Best theory so far?

[Bowser]

May I ask what led you to this explanation? Was it the symptoms you have, and if yes, which symptoms? Is there any evidence other than the empty sella that points in this direction?

Just asking because I suspect this could also play a role in my situation but I've never actually explored this avenue.

Hi. Sorry, I'm seeing this post only now.
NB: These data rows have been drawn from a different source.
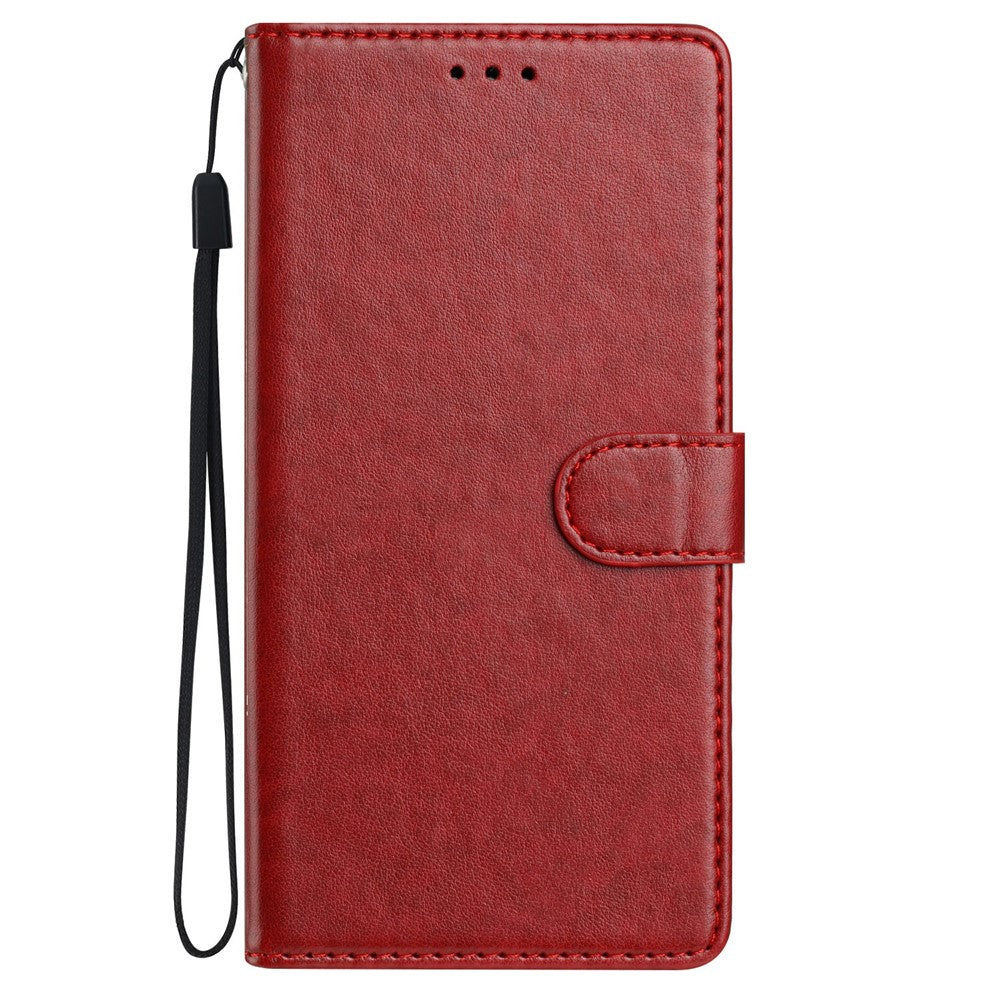 For Oppo Reno14 5G (Global) Leather Case Wallet Stand Phone Cover with Handy Strap - Red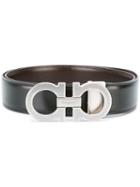 Salvatore Ferragamo Double Gancio Buckle Belt, Men's, Size: 90, Black, Calf Leather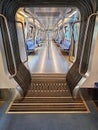 Inside space of a Bombardier subway frame at the end of the line Royalty Free Stock Photo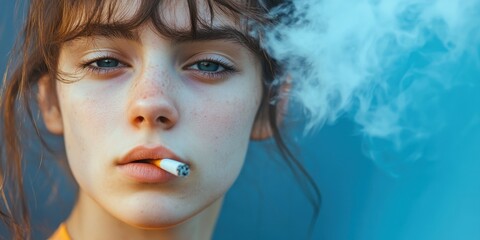 Obraz premium A young woman with a cigarette, staring intently. Smoke billows around her, creating an atmospheric and moody vibe.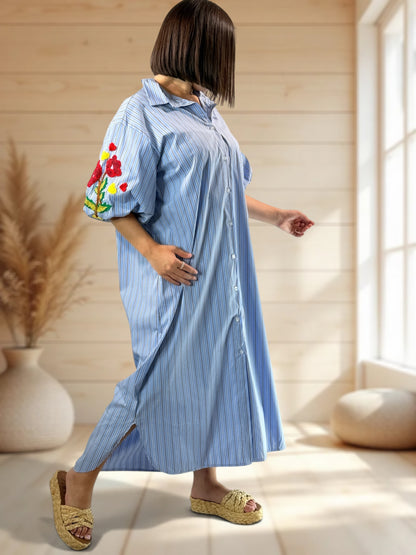 ELVIRA - ROBE OVERSIZE A RAYURE BLEUE JUSQU'A LA TAILLE 50/52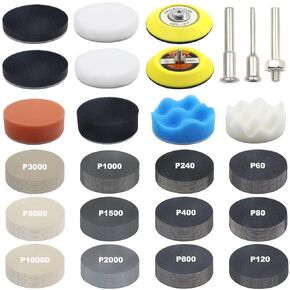 133PCS Sanding Disc Drill Polishing Kit Sanding Attachment, 3 Inch Wet Dry Sander Sheets Headlight Restoration Kit, Hook and Loop Sandpaper with Backing Pad, Polishing Pads for Car Wood Metal Glass
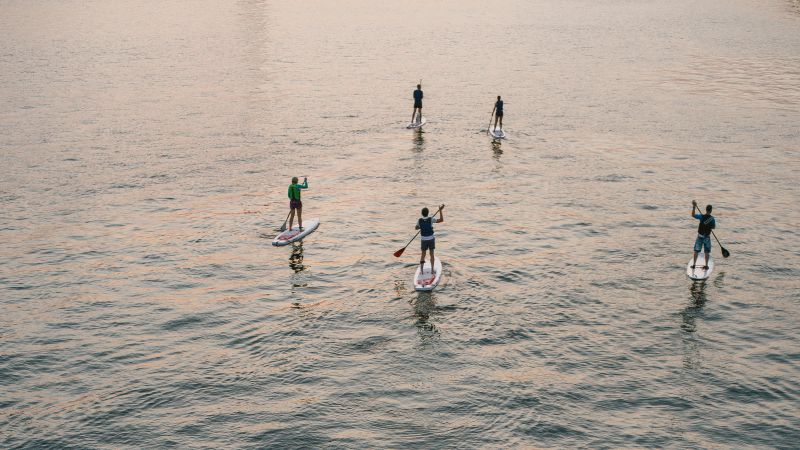 Foto “Paddleboarding at sunset” von Igor Trepeshchenok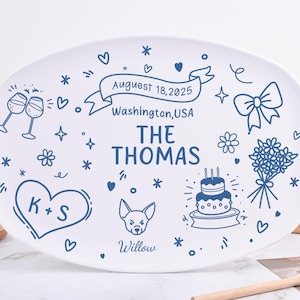 Personalized Wedding Platter Gift,Custom Family Name Plate,Personalized Serving Platter,Toile De Jouy Platter,Bridal Shower Engagement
I think I didn't get a notification.

There are a couple of lines of evidence that led me to the conclusion of thoracic outlet syndrome:

1. Empty sella
2. Marginal Improvement of symptoms with Diamox
3. Dramatic worsening of symptoms after strength exercise for the scalene muscle (video here:

)
4. Improvement of symptoms if I do the above exercise carefully and gradually over an extended period of time

If you want to test yourself for TOS, you should do the above exercise and see if your symptoms get worse.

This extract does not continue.